In any case, Knight Foundation is generally not going to provide more than startup funding.

Knight’s main role, Kebbel said, is to “fund startups, and see what startups work.” The beneficiaries, he added, “should not build their sustainability plan on the fact that when the money runs out they can go back to Knight Foundation for more.”

Joel Kramer, whose MinnPost site celebrates its first birthday in November, got a $250,000 Knight Grant, and he accepts that sustained foundation funding will be hard to come by.

He’s more hopeful about the individual-contributor model, noting that MinnPost will meet its first-year target of having 1,100 member-contributors. The example of Minnesota Public Radio, with 94,000 members, suggests there’s vast room for improvement. “We think we can get more,” he said.

Meanwhile, everyone is hoping that, someday, local Web advertising comes around. But these early adopters don’t think it will be anytime soon.

Kramer said there are both supply and demand problems now. Advertisers are in short supply, and those that do business are on the Web often don’t want to deal with small operations like local news websites, he said.

“What really makes things difficult is the high volume of publishers,” he said. “There’s just a tremendous number of publishers offering advertising to a still relatively small volume of buyers.”

While MinnPost some months reaches $20,000 in ad sales, that’s only 20 percent of overall spending and less than projected at startup.

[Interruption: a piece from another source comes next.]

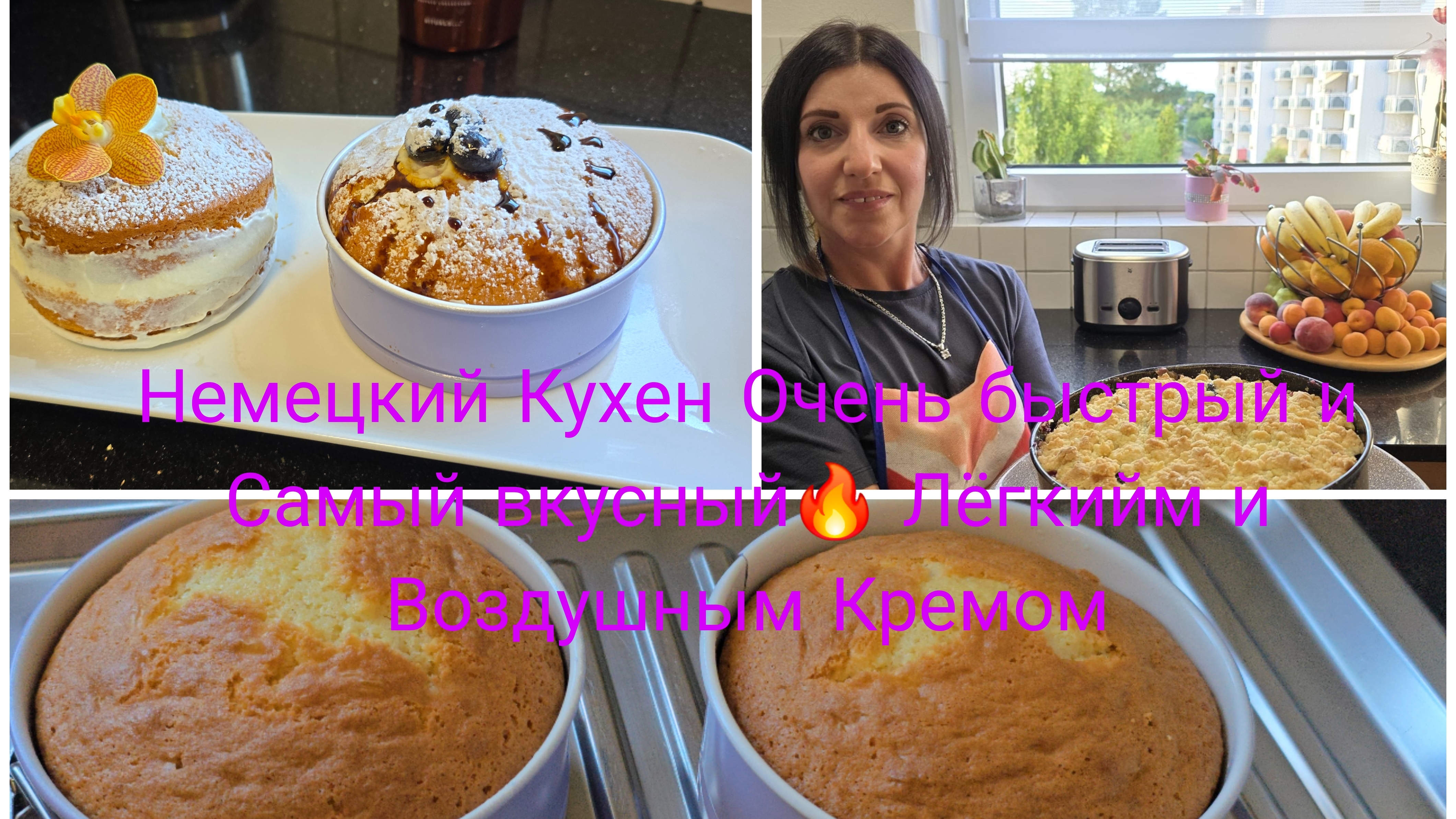 Немецкий 🇩🇪Творожный Кухен На Раз/Два 🔥Это Очень вкусно и Быстро/Всегда Получается смотреть онлайн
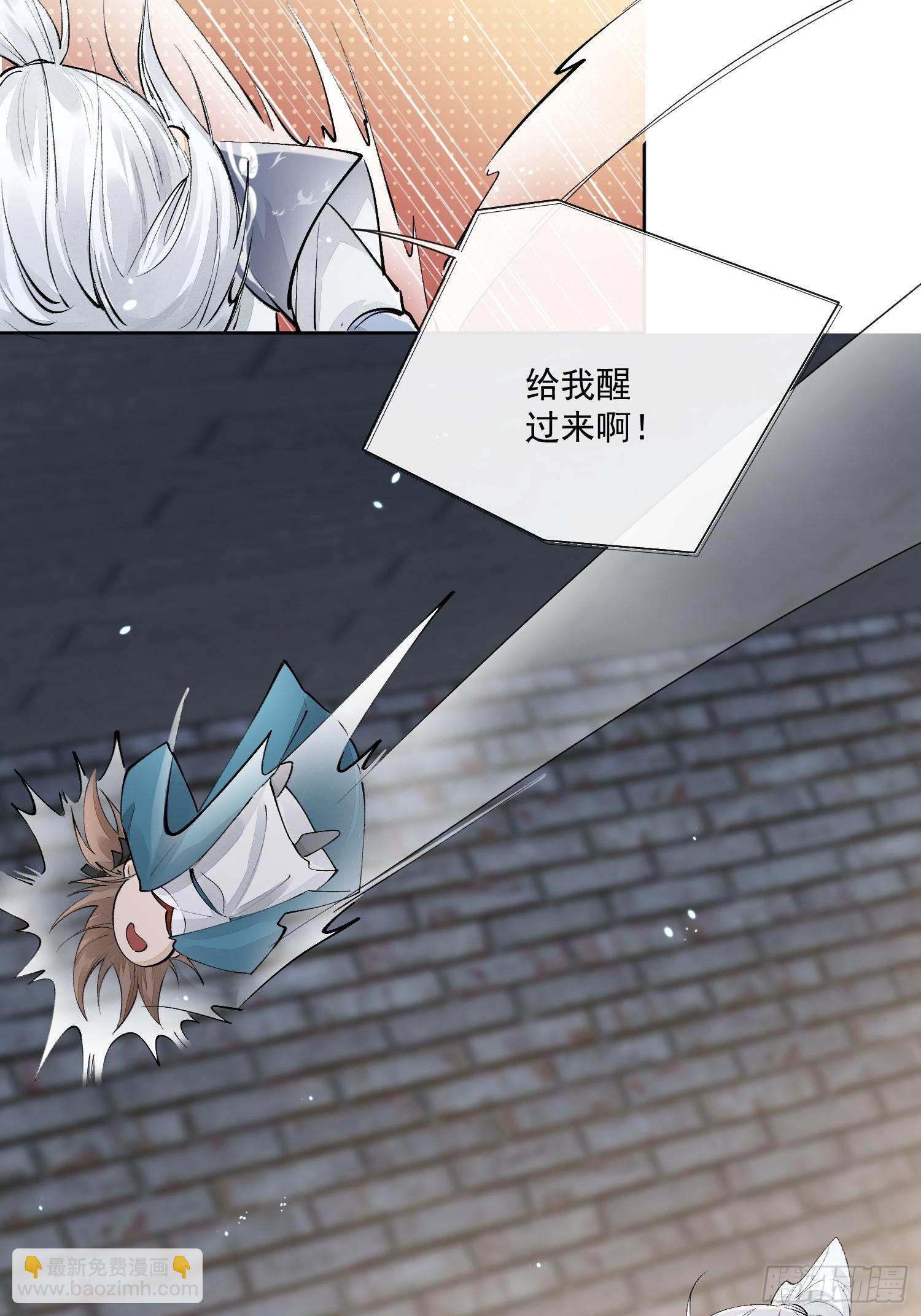 78又进监狱-第87话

James Macpherson, who operates the Pasadena Now website, says his plan is to become an all-purpose e-commerce consultant to advertisers as a way to subsidize his website.

“I don’t think news sites can be in the business of just selling online business,” he said. “That’s not a proposition that will keep anyone alive.”

Howard Owens, a new-media veteran, says it’s way too early to assess the future of his startup, The Batavian, or of the general world of online-only news.

Acknowledging the trends toward Internet niche sites and fragmentation, he expressed optimism about finding the business model for local news sites.

“We simply must, must – for the sake of a free society – find a way to make local journalism pay in a digital world.”

Q & A

More on the Voice of San Diego from my interview with co-executive editors Scott Lewis and Andrew Donohue:

Andrew Donohue and Scott Lewis
Andrew Donohue (left) and Scott Lewis, co-executive editors of the Voice of San Diego

Q: Give us a bit of history of Voice of San Diego.

Andrew: Neil Morgan was almost the grandpa of journalism in San Diego. He worked as a reporter in town and was the editor in chief of the Evening Tribune a long time ago. Later he became Metro columnist when the papers combined. He knows absolutely everybody in this area. One day in the fall of 2004 he showed up at work and got a pink slip. He was such a beloved guy in the community. He got together with Buzz Woolley, who had been interested in journalism for a long time and was unhappy with what the community was getting from the Union-Tribune. I think Buzz had always been interested in starting a newspaper, but it was way too expensive. Buzz said to Neil, I don’t want to lose your voice in this community. They came up with the idea of an online nonprofit, which right now makes a lot of sense but in the fall of 2004 it was pretty revolutionary.

From there we just sort of established ourselves. The site launched in February 2005.

Scott: We took a more investigative look. We came up with the basic philosophy that we wouldn’t cover anything unless we could cover it better than anyone else, or no one else was covering it. So our stories need a lot of context and depth and an investigative focus.

Andrew: The key was there was a gap identified by our founders when we started. And that gap has grown farther and faster than anyone imagined since then. We’ve been fortunate to fill it.

Q: Would you talk a little bit about metrics? Audience, funding, staffing and so on.

Scott: Last month, 61,000 unique visitors. Time on site averaged more than 8 minutes. The traffic is all from San Diego.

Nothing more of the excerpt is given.